On arrival in Amsterdam, I remembered I had a full day to myself. My usual travel companion couldn’t join me due to work commitments and my excited family visitors weren’t due to arrive until tomorrow. What would you check out alone in a new city? My current home in Dublin rarely receives warm sunshine. My solution was therefore to take adventure of this brilliant weather, leave the city center behind for now and explore Amsterdamse Bos (Amsterdam Forest) – sprawling acres of greenspace right next to the airport. Luckily, I’d just caught the tail end of the annual cherry blossom festival in the Bloesempark. Petals fell infinitely slowly with every tug of wind, a magical sight. Families had set up picnics to admire the view for the morning. I was in good company.

Keen to train a little for an upcoming long-distance hike (more on this in a future article), I explored the rest of the forest.
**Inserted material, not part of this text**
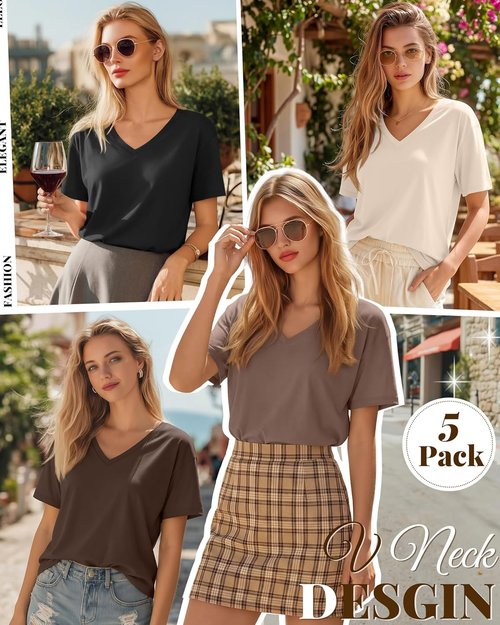 Huukeay Women's V-Neck Basic Tees - 5 Pack Comfortable Short Sleeve T-Shirts | Solid Colors for Summer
Conservatively, I walked 10km around its lakes and discovered a hidden coffee shop within the forest – a worthwhile venture for locals and tourists alike. After heading back to the city, the remainder of the day was well spent exploring canals and surfing Amsterdam’s many trams.

The city feels like it’s bustling, particularly as you step out of Central station. A city filled with great architecture and an astounding amount of cyclists (and bicycles) everywhere. To reiterate: there are bikes everywhere, including multi-layer dedicated bike parks. You could fill an afternoon with people-watching – I saw one guy speeding along on his bike, with a handlebar in his left hand and suitcase chasing him with his right. Impressive!

Meeting up with family, we journeyed around as public-transport-savvy tourists. The Netherlands is not known for its affordability, but the attractions are first-class. A day trip to Keukenhof gardens, in which they have an annual spring tulip display, was a sight to see. Every spring colour you could imagine. The Dutch are immensely proud of their tulip farms (as they should be), and its importance in culture goes way back to “tulip mania” in their tulip stock market. I certainly made good use of my macro lens, and I wasn’t the only one – keen photographers were crawling all over the grass for the perfect shot. What do you think of mine?

The following day saw us feasting on what I can confirm are the best omelettes in Europe at the cleverly named Omelegg. They will make almost any variation of omelette for you, cooked to perfection. The next logical step after a good breakfast? A relaxing canal tour. As touristy as it gets but worthwhile with great views, perspectives and stories only seen from the water.

Of course, Amsterdam is very well known for its museums. We opted to check out Rijksmuseum, famous for its displays of Van Gogh and Rembrandt. We were surprised that the Van Gogh display was actually rather lacklustre.. but Rembrandt’s extensive collection did not disappoint. The rest of the gallery is filled with Dutch historical pieces dating as far back as 1100AD. Don’t miss the sections covering Napoleon and the Dutch Republic; it’s quite interesting. It was a great way to finish the trip – I left the city feeling cultured and looking forward to my follow-up trip in May.

My recommendations and tips for Amsterdam, particularly in early Spring:

  • Book accommodation and everything else early – prices are high from March to October.
  • Pick up either a Holland Pass or Iamsterdam card for the best attraction value.
  • Public transport in Amsterdam is great, especially the trams. It’s included with the passes above too. Amsterdam is also very walkable, built on a flat area.
  • Find some elevated establishments to get a view of the city. The Skylounge at DoubleTree is great (but be prepared to pay a premium for food/drink). Check out this list.
  • If you’re not confident in bike-riding, I wouldn’t suggest trying it in Amsterdam. The city is great for cyclists, but it is chaotic. In fact, even as a pedestrian, watch out for motorised scooters that might mow you down on the footpath.
  • Time your trip to see the cherry blossoms if you can, but they only last about a week.

What was your favourite part of Amsterdam?